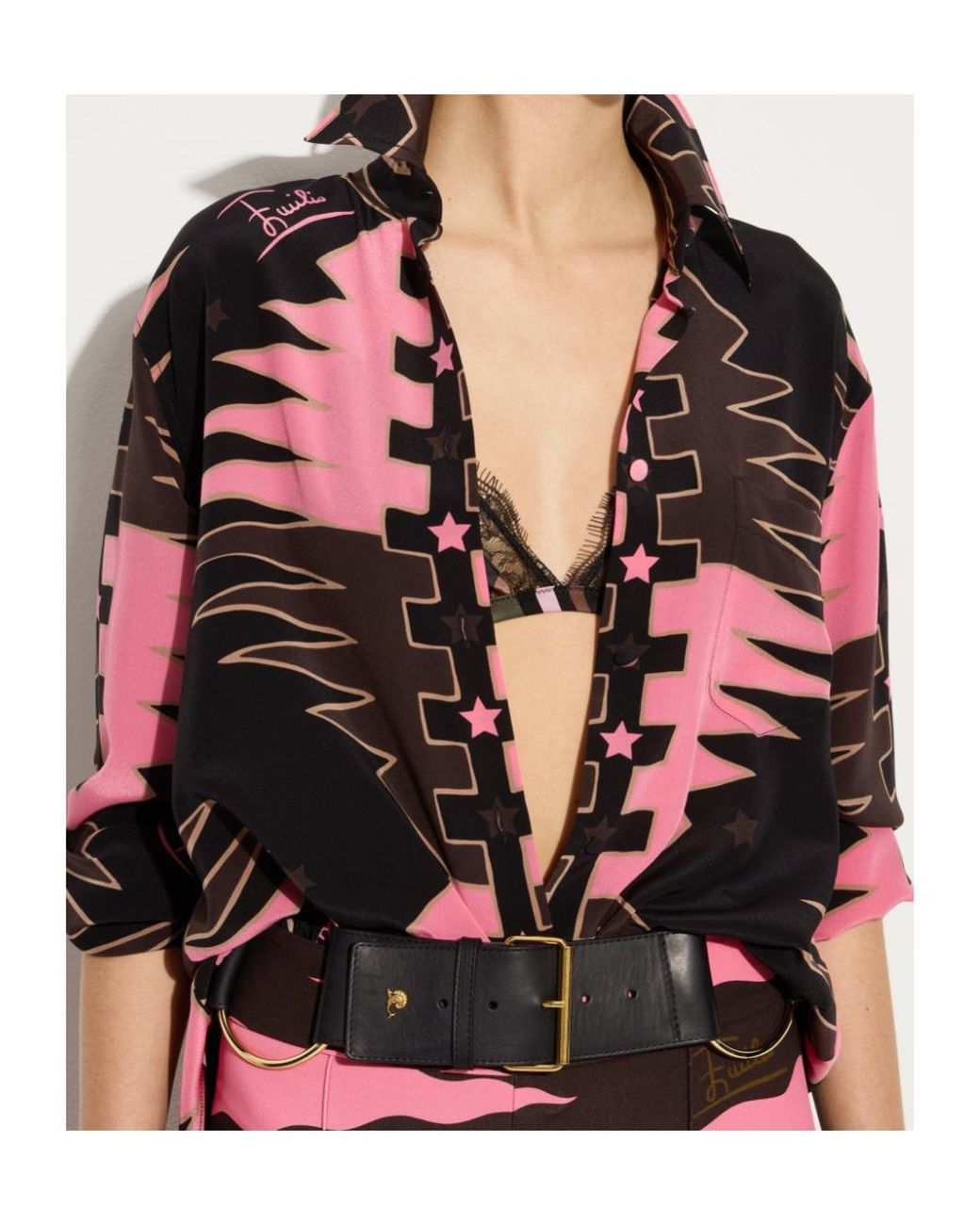 Emilio Pucci Red Valdimontone Print Oversized Silk Shirt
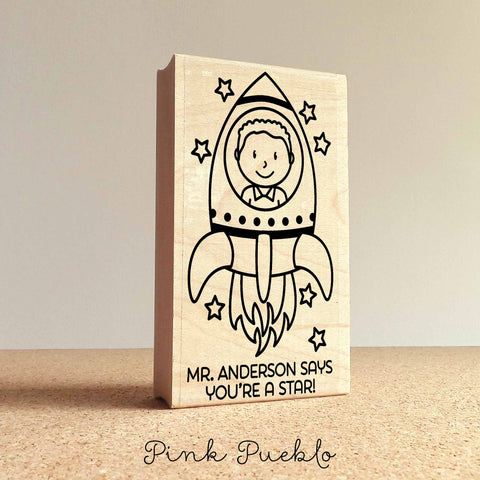Personalized Teacher Stamp, Outer Space Themed Teacher Rubber Stamp, You Are a Star Stamp - Choose Hairstyle and Accessories - PinkPueblo
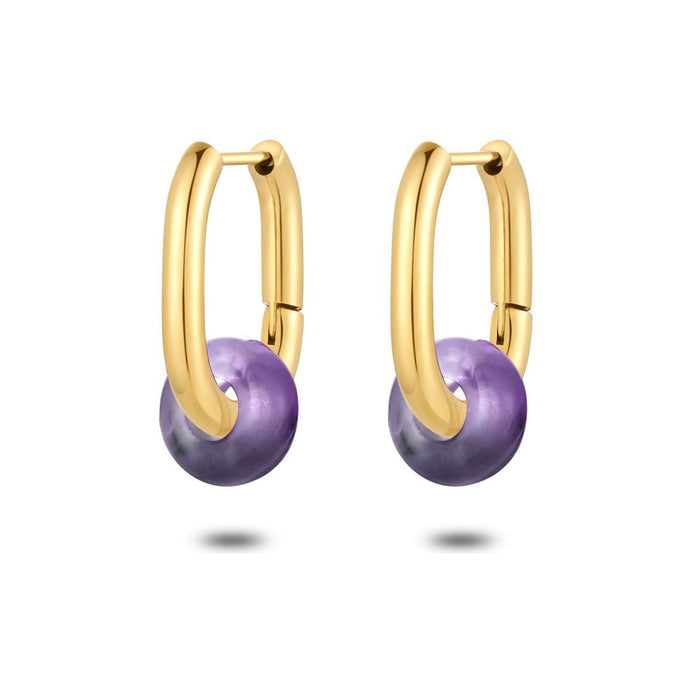 Gold Coloured Stainless Steel Earrings, Oval Hoops, Amethyst Stone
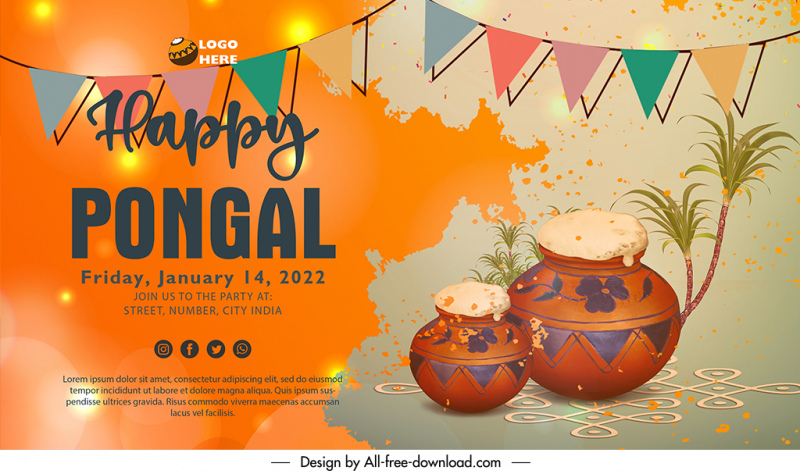 pongal happy banner templates food jar sketch retro grunge decor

***

— Problem to work on —
This task calls for an exact copy of the data above, without pictures.

— Exercise result —
 Emilio Pucci Red Valdimontone Print Oversized Silk Shirt
Personalized Teacher Stamp, Outer Space Themed Teacher Rubber Stamp, You Are a Star Stamp - Choose Hairstyle and Accessories - PinkPueblo
 Gold Coloured Stainless Steel Earrings, Oval Hoops, Amethyst Stone
 pongal happy banner templates food jar sketch retro grunge decor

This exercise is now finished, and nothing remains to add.